The Only Thing That Can Really Save the Subway: Riders - 9 minutes read




As the coronavirus engulfed New York City early last year, Adrienne Crespo, a subway conductor, watched the crowds on the platforms slowly thin out. Then one afternoon, she pulled an A train into the West Fourth Street-Washington Square station — typically one of the busiest on her line — and saw only two people board.
“To look out there at rush hour and see nobody, it finally hit me,” Ms. Crespo, 49, said. “It was actually scary. I thought, ‘Wow, this is bad. This is really, really bad.’”
A year ago the pandemic drained the subway of nearly all its riders, sickened thousands of New York City transit workers and plunged North America’s largest public transit agency into its worst financial emergency ever.
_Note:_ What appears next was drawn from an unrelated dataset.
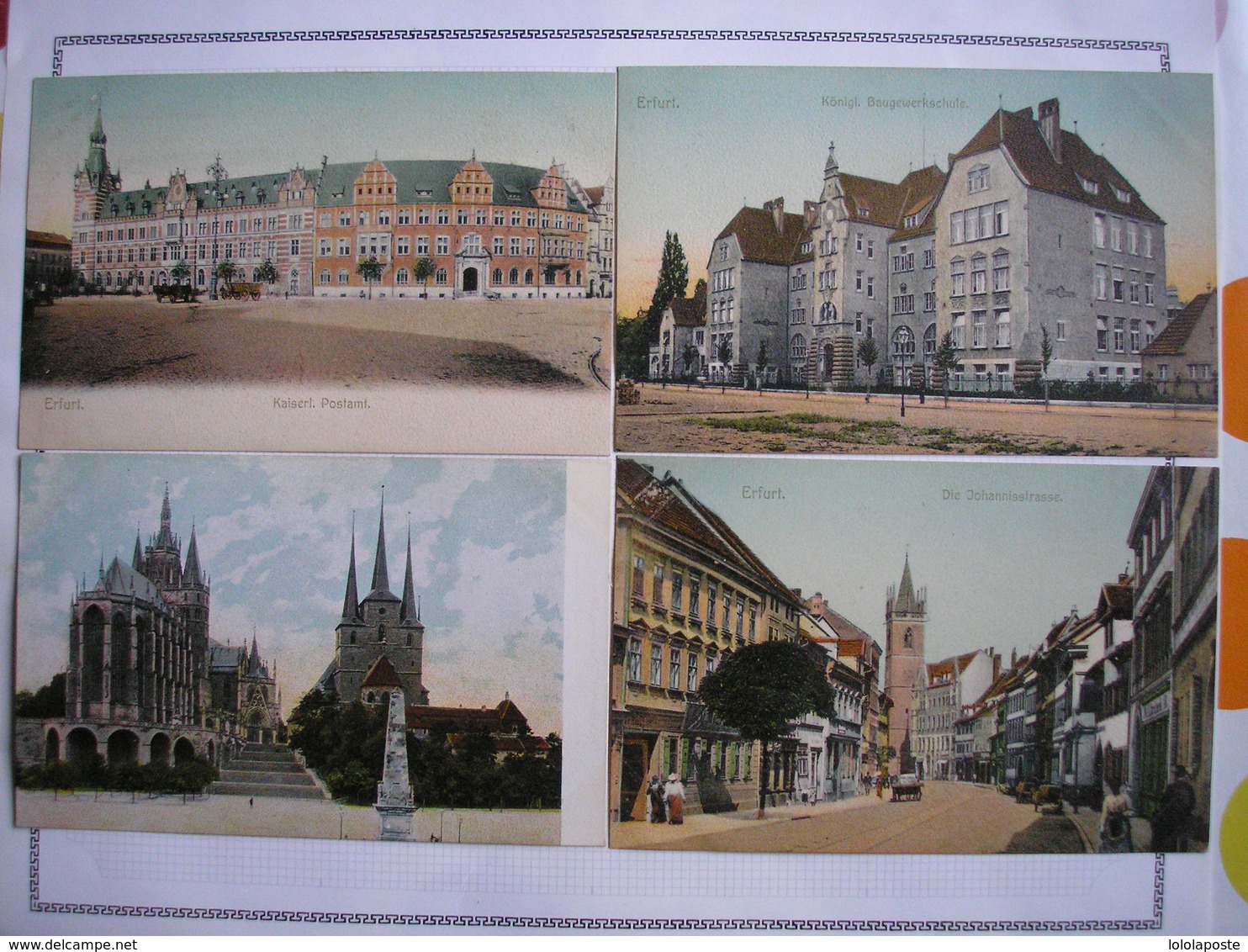 ALLEMAGNE - 9 CPA - 9 Belles Cartes Couleur - 3 Photos - Erfurt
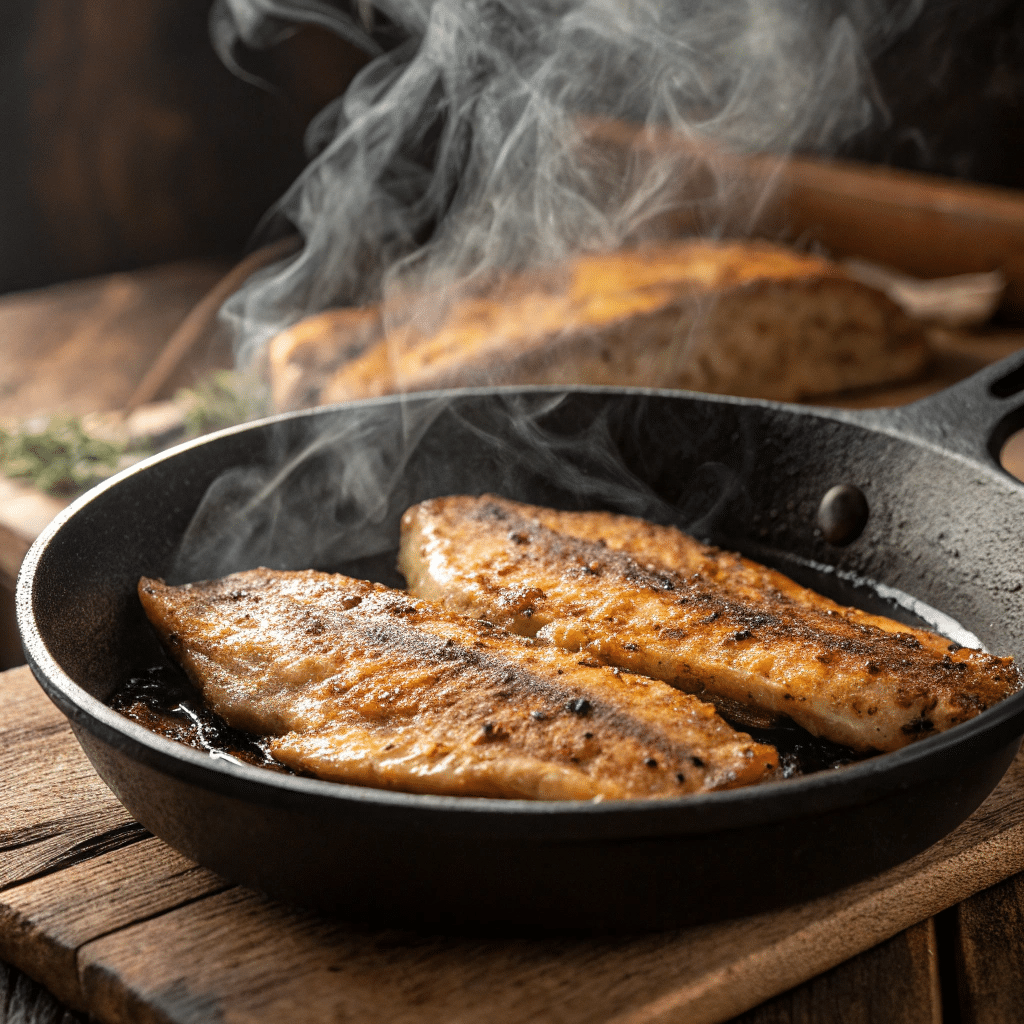 Blackened catfish fillets cooking in a cast iron skillet with a smoky crust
Today ridership on the subway has crept back up to about a third of its usual levels, from an all-time low of 7 percent last spring. An infusion of billions of dollars in federal aid has kept the Metropolitan Transportation Authority afloat. And the agency, which operates the subway, buses and two commuter rail lines, was further lifted by another $6 billion in President Biden’s sweeping rescue plan.
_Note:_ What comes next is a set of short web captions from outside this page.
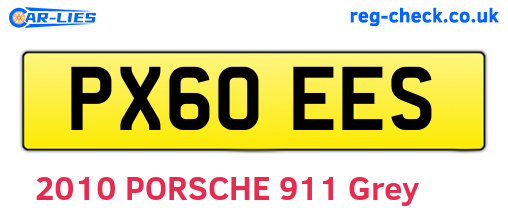 PX60EES are the vehicle registration plates.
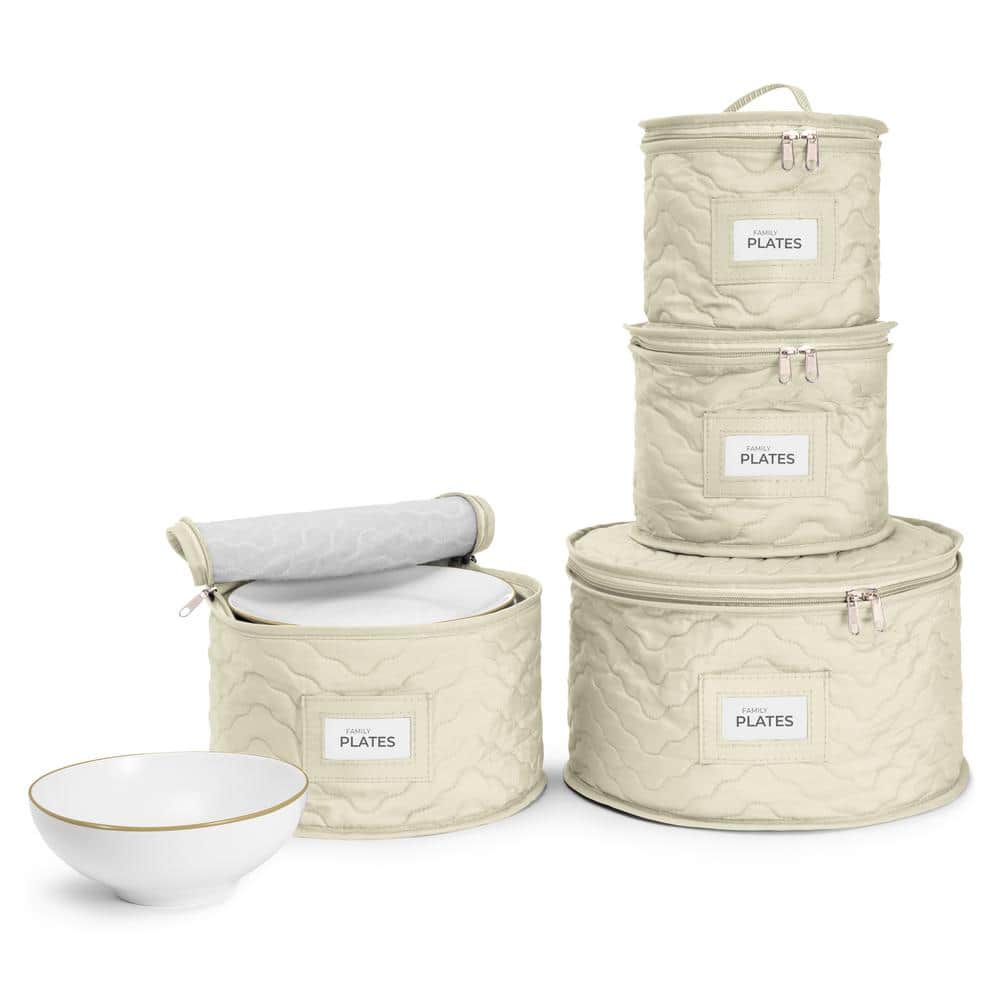 China Storage Containers-Quilted Dish Storage Containers for Organizing, Beige - Hercitys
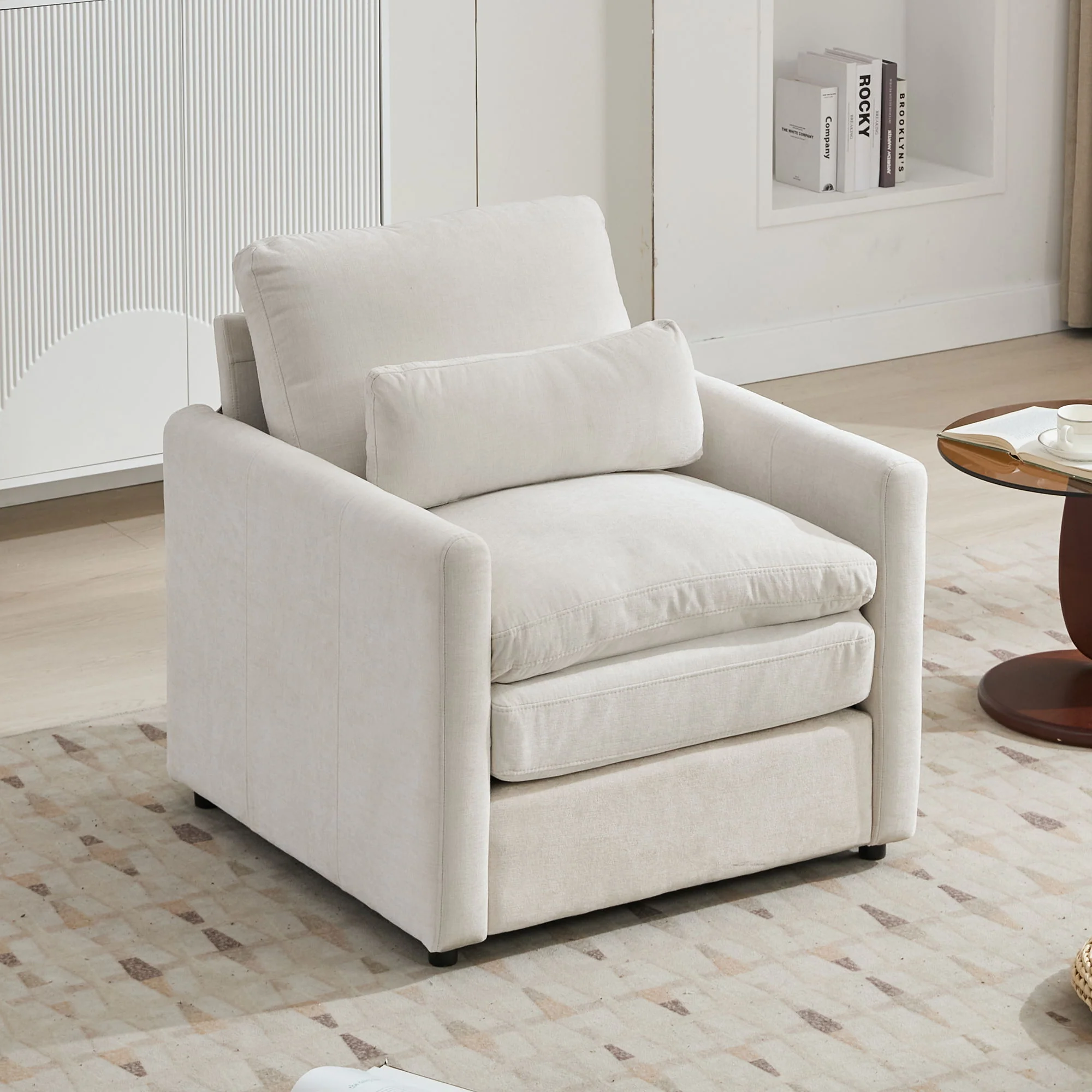 Cozy Upholstered Cushion Armchair For Living Room - Image 9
But the M.T.A.’s long-term survival depends on the return of riders and their fares, which make up the agency’s largest funding source. Nearly 40 percent of the agency’s operating revenue comes from fares, a higher percentage than almost any other major American transit system.


Now as the city’s mass vaccination campaign reaches more people and urban life slowly rebounds, public transit officials are confronting a sobering reality: a growing consensus that ridership may never return entirely to its prepandemic levels and that the agency will have to reshape and reduce service to reflect new commuting patterns.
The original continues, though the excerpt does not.